Brainwave signal processing: a the process of signal extraction and transmission; b coding sequences corresponding to the four attention intervals; c brainwaves for attention interval 0–25; d brainwaves for attention interval 25–50; e brainwaves for attention interval 50–75; f brainwaves for attention interval 75–100

Scattering pattern control

When plane waves impinge on a reflective coding metasurface, the far-field scattering pattern can be expressed as [28, 41, 42]:

$$F(\theta ,\varphi ) = f_{m,n} (\theta ,\varphi )S_{a} (\theta ,\varphi )$$
(1)

where θ and φ represent the elevation and azimuth angles, respectively; fm,n(θ,φ) is the scattering pattern function of the coding unit and can be considered as a constant due to the sub-wavelength size of meta-atoms. Sa(θ,φ) is the array factor, which can be expressed as

$$\begin{gathered} S_{a} \left( {\theta , \, \varphi } \right) = \sum\limits_{m = 1}^{M} {\sum\limits_{n = 1}^{N} {\exp \left\{ {j\left[ {\varphi_{m,n} + k_{0} D_{x} (m - 1/2)(\sin \theta \cos \varphi - \sin \theta_{i} \cos \varphi_{i} )} \right.} \right.} } \hfill \\ \, \left. {\left. { + k_{0} D_{y} (n - 1/2)(\sin \theta \sin \varphi - \sin \theta_{i} \sin \varphi_{i} )} \right]} \right\} \hfill \\ \end{gathered}$$
(2)

where k0 is the wave vector of EM waves in free space, M and N the number of units in x and y directions, φm,n the phase response of coding elements at position (m,n). Dx and Dy are the sizes of elements in x and y directions. θi represents the incident angle and here we consider the scattering pattern under normal incidence, that is, θi = 0°. Then, the far-field scattering pattern can be simplified as

$$\begin{gathered} F(\theta ,\phi ) = C\sum\limits_{m = 1}^{M} {\sum\limits_{n = 1}^{N} {\exp } } \{ j\left[ {\varphi_{m,n} + k_{0} D_{x} (m - 1/2)(\sin \theta \cos \varphi )} \right. \hfill \\ \begin{array}{*{20}c} {\begin{array}{*{20}c} {} & {} \\ \end{array} } & {} & {} \\ \end{array} \left. {\left. { + k_{0} D_{y} (n - 1/2)(\sin \theta \sin \varphi )} \right]} \right\} \hfill \\ \end{gathered}$$
(3)

According to Eq. (3), when the coding sequence is changed, the length of Dx will be changed, and correspondingly the far-field scattering pattern will also be changed. The scattered beam will be split for non-uniform coding sequences and the split angle is depedent on the length of coding element Dx. The longer the coding element, the smaller the split angle. Considering the mapping between the scattering patterns and the four attention intensity intervals, it can be concluded that the intenser the attention, the more concentrated the metasurface’s scattering pattern.
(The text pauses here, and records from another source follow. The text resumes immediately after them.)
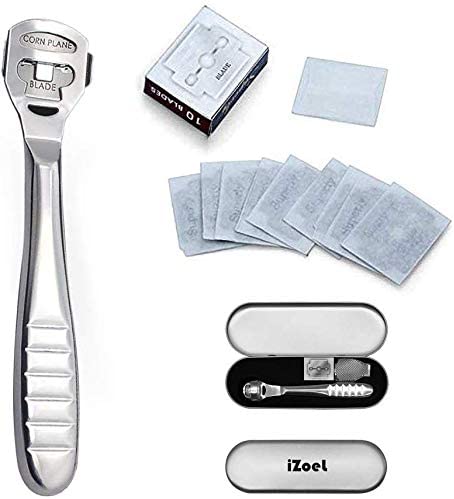 iZoeL Foot Scraper Callus Shavers Skin File Dead Skin Remover Foot Scraper Stainless Steel 14.5 cm + 10 Free Carbon Steel Blades & 1 Rasp File Scrubber (HC0020) (HC0020)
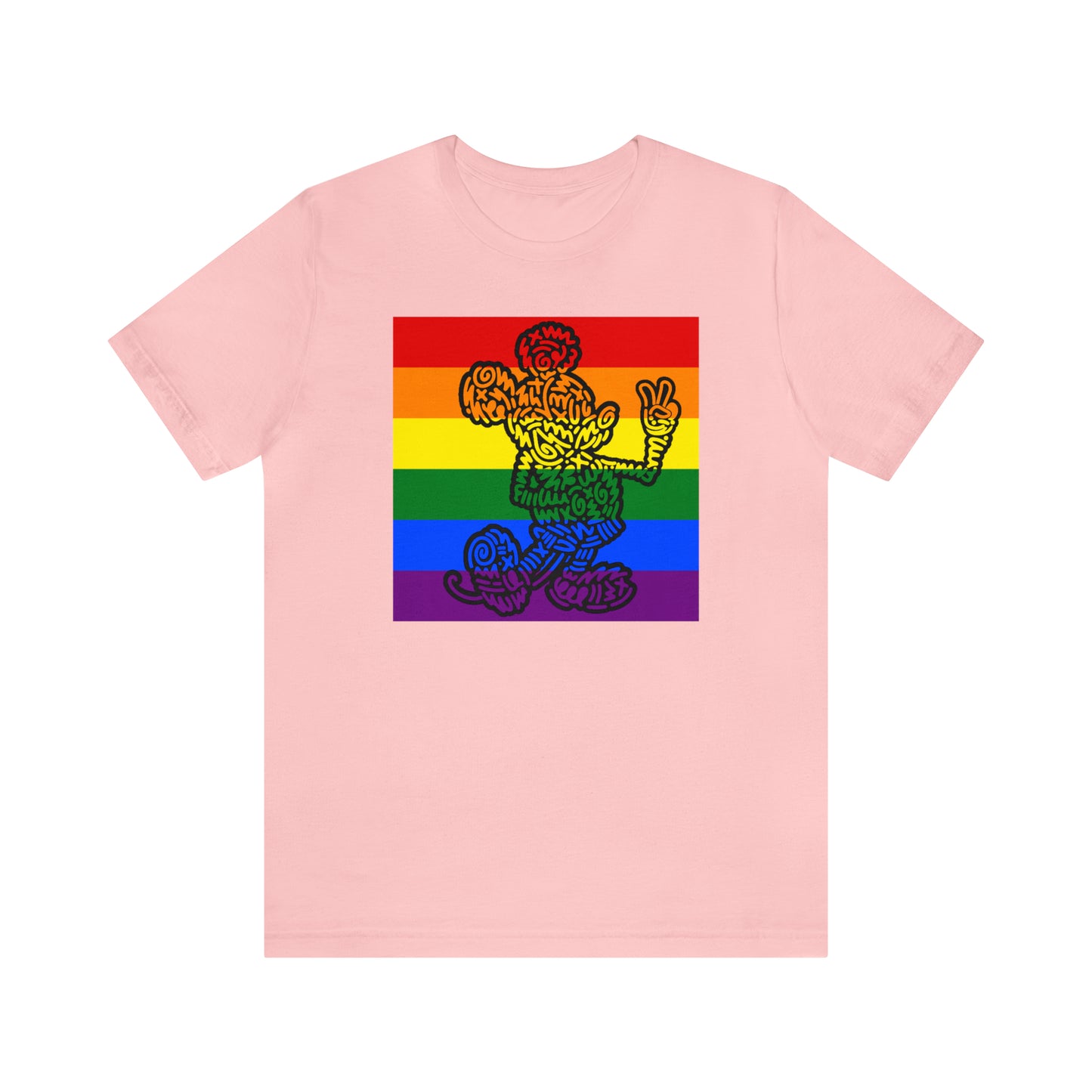 Rainbow Peace Mouse Unisex Short Sleeve T-Shirt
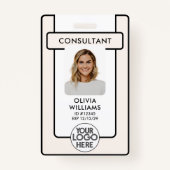 Modernes Mitarbeiter-ID-Abzeichen-Foto mit Logo-QR Ausweis (Vorderseite)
Using brainwave signals sent to MCU as the control signal, the coding sequences on the metasurface can be altered according to the user’s attention intensity, as schematically illustrated in Fig. 4a. In this way, the scattering pattern of the metasurface can be controlled remotely via the user’s mind. Furthermore, according to different coding sequences in Fig. 4b, full-wave simulations were carried out to verify the metasurface. The phase profiles corresponding to these coding sequences are shown in Fig. 4c, from which variation of coding length can be seen directly. The simulation setups are as follows. The metasurface is placed on XOY plane and x-polarized plane waves are normally incident upon the metasurface from + Z direction. The boundaries along x, y and z directions are set as open add space. Far-field monitor is set at 8.7 GHz to get the far-field scattering pattern. The simulated far-field results are shown in Fig. 3d, in which different coding sequences correspond to different far-field scattering patterns. As predicted, the higher the attention value, the more concertrated the scattering patterns and the smaller the split angle.

Fig. 4
figure 4

Simulation results: a simulation setup; b phase profiles for different coding sequences; c Far-field scattering patterns for different coding sequences at 8.7 GHz

Experimental test

In order to further verify the design framework, a RMCM prototype was fabricated and tested. The metasurface was fabricated using conventional Printed Circuit Board (PCB) techniques. PIN diodes with SOD-323 packaging were soldered on the metasurface, as shown by the inset in Fig. 5a. Photograph of the bottom biasing lines is given in Fig. 5b and the arrangement of biasing lines is supplemented in the Additional file 1: Note S2. Fig. 5d shows the components of the RMCM, including the metasurface-control module, brainwave extraction module, Bluetooth wireless transmission module, DC power supply module, single chip microcomputer module and other auxiliary wirings. The brainwave signal acquisition module is a commercial brainwave sensor module, with dry electrodes as the signal acquisition equipment, which facilitates practical applications. The wearing mode of brainwave signal acquisition equipment is supplemented in Additional file 1: Note S3. The user wears the dry electrodes, which collect and then send brainwaves wirelessly towards the RMCM. Upon the incoming brainwaves, the RMCM will respond by changing its scattering pattern. In this way, the metasurface can be remotely controlled by the user’s mind.

Fig. 5
figure 5

Prototype fabrication and experimental test: a top view of fabricated prototype; b photograph of bottom biasing lines; c measurement setup in a microwave anechoic chamber; d components of the prototype; e measured results of the mind-controlled scattering patterns under different coding sequences

The prototype was measured in an anechoic chamber, as is shown in Fig. 5c. The metasurface, together with the controller, is placed on the turntable mount. The controller we adopted here is Arduino UNO R3, through which the user can freely control the current state through TGAM module. The output pins of Arduino are connected to the biasing lines of the metasurface, so as to control each meta-atom at their respective designated positions on the metasurface. The transmitting antenna is placed along the normal of the metasurface while the receiving antenna can rotate around the metasurface, so as to measure the scattering patterns under normal incidence. Far-field scattering patterns are measured for different coding sequences. In order to directly observe the mind-controllability of coding sequence, an LED array is used to visually display the coding state. The circuit component is supplemented in Additional file 1: Note S4.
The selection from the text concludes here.